Exercise materials below:
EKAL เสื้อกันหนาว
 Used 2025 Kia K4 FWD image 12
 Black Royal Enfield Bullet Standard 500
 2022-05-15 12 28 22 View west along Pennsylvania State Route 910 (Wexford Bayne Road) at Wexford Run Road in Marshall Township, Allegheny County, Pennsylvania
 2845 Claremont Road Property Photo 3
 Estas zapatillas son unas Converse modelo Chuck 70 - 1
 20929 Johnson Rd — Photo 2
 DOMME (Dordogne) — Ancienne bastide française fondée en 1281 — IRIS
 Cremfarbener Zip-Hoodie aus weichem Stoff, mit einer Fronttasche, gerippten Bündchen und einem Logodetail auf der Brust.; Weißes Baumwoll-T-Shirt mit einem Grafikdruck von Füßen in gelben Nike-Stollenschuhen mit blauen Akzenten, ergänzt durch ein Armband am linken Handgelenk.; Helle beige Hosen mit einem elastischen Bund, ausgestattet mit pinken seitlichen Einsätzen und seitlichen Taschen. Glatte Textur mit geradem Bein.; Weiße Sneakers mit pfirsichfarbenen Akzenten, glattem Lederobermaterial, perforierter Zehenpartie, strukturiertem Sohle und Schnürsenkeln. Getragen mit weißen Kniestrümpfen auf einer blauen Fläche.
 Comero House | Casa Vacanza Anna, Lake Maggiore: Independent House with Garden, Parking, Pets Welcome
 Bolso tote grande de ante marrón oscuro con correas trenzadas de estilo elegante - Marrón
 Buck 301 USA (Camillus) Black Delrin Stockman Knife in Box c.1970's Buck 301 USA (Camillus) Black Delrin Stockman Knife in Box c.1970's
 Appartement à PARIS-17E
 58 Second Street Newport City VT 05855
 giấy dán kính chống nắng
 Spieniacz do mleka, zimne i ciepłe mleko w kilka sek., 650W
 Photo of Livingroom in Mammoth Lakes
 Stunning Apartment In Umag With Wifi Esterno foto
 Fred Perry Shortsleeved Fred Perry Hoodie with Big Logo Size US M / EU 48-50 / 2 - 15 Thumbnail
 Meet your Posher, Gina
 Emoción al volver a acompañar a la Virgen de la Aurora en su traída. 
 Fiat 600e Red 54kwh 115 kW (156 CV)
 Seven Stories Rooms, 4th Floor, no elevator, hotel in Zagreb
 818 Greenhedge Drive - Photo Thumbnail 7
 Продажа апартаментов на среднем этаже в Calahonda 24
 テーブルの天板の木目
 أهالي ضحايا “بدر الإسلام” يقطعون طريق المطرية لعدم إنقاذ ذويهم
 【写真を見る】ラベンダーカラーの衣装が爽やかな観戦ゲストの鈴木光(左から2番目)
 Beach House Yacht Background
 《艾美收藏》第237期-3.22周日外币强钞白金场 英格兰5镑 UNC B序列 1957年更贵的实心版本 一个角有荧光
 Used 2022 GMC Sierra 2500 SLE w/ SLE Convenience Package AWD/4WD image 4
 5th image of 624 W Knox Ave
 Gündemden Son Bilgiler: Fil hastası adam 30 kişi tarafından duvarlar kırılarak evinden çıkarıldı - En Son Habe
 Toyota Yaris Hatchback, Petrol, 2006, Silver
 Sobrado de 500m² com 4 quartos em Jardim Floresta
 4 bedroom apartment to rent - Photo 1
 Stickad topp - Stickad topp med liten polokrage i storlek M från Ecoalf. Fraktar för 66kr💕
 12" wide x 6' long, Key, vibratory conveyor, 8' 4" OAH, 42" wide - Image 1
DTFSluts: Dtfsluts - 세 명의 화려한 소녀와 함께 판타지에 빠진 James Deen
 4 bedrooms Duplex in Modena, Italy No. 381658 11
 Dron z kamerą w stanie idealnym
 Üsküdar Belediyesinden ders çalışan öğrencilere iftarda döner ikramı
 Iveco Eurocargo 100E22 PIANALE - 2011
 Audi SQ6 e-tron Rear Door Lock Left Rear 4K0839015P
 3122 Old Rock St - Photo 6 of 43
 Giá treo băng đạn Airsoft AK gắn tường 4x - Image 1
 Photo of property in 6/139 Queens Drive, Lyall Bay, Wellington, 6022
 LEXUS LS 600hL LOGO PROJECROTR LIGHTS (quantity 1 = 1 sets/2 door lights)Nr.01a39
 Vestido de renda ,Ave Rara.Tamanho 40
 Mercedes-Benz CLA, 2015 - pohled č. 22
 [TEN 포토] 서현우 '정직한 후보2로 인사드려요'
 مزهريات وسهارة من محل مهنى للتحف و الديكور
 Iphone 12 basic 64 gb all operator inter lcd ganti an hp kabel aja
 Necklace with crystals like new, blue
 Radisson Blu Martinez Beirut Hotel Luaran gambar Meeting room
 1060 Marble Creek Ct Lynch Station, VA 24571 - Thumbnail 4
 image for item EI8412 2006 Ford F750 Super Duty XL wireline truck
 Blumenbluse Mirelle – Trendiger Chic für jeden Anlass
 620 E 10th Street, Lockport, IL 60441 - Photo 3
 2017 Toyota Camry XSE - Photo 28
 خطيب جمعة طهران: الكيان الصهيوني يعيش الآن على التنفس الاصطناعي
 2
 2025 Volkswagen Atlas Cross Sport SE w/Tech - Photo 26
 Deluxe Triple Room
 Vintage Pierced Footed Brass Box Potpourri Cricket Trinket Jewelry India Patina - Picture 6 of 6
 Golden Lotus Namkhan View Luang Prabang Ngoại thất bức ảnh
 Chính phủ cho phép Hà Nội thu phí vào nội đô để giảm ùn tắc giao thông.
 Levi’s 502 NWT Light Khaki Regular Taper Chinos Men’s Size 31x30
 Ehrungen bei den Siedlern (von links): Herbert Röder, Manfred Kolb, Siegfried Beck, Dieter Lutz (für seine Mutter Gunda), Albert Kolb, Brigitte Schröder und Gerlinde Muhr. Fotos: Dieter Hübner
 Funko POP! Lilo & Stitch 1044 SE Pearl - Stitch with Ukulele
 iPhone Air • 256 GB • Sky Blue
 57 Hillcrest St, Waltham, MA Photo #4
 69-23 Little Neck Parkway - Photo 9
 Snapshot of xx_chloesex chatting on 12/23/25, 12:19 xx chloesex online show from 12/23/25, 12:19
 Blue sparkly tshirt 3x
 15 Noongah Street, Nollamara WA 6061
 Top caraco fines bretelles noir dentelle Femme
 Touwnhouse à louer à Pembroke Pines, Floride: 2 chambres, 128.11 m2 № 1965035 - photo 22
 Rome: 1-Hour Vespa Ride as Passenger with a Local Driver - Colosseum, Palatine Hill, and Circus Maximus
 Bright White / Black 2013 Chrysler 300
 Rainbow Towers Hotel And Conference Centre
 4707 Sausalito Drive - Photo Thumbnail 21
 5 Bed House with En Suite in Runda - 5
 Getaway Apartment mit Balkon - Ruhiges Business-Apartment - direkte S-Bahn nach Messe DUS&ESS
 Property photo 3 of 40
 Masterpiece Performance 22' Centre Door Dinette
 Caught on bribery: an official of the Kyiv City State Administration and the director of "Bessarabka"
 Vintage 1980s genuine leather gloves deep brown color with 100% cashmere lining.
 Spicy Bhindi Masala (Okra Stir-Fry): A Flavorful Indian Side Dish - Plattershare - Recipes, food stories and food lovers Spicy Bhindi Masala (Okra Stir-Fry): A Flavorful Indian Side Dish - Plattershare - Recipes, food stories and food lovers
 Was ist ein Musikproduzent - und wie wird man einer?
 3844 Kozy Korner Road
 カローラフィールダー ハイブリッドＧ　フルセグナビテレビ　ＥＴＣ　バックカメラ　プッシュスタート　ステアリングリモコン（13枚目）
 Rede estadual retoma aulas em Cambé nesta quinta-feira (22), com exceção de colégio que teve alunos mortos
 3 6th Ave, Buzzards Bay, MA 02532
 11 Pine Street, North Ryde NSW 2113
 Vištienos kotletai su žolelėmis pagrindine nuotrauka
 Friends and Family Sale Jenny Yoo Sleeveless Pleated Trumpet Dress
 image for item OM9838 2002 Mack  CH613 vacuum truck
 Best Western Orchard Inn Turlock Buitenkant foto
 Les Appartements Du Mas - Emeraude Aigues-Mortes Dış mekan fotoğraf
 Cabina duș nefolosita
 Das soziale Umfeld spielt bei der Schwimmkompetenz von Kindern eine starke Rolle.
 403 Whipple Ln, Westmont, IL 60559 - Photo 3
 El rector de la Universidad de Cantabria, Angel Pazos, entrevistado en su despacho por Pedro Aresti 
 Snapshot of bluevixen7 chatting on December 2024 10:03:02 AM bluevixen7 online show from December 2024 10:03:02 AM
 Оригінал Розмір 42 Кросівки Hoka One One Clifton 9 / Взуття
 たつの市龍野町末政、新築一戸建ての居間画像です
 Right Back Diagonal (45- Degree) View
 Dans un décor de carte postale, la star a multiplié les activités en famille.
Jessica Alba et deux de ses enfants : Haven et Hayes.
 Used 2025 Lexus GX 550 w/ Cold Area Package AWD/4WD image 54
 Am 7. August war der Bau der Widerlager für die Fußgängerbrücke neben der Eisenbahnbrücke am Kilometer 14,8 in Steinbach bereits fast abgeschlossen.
End of Exercise materials.
_Problem to solve_:
Output each line exactly, from the first line of the data down to the line that contains "DOMME (Dordogne) —", both included.

_Response to the exercise_:
EKAL เสื้อกันหนาว
 Used 2025 Kia K4 FWD image 12
 Black Royal Enfield Bullet Standard 500
 2022-05-15 12 28 22 View west along Pennsylvania State Route 910 (Wexford Bayne Road) at Wexford Run Road in Marshall Township, Allegheny County, Pennsylvania
 2845 Claremont Road Property Photo 3
 Estas zapatillas son unas Converse modelo Chuck 70 - 1
 20929 Johnson Rd — Photo 2
 DOMME (Dordogne) — Ancienne bastide française fondée en 1281 — IRIS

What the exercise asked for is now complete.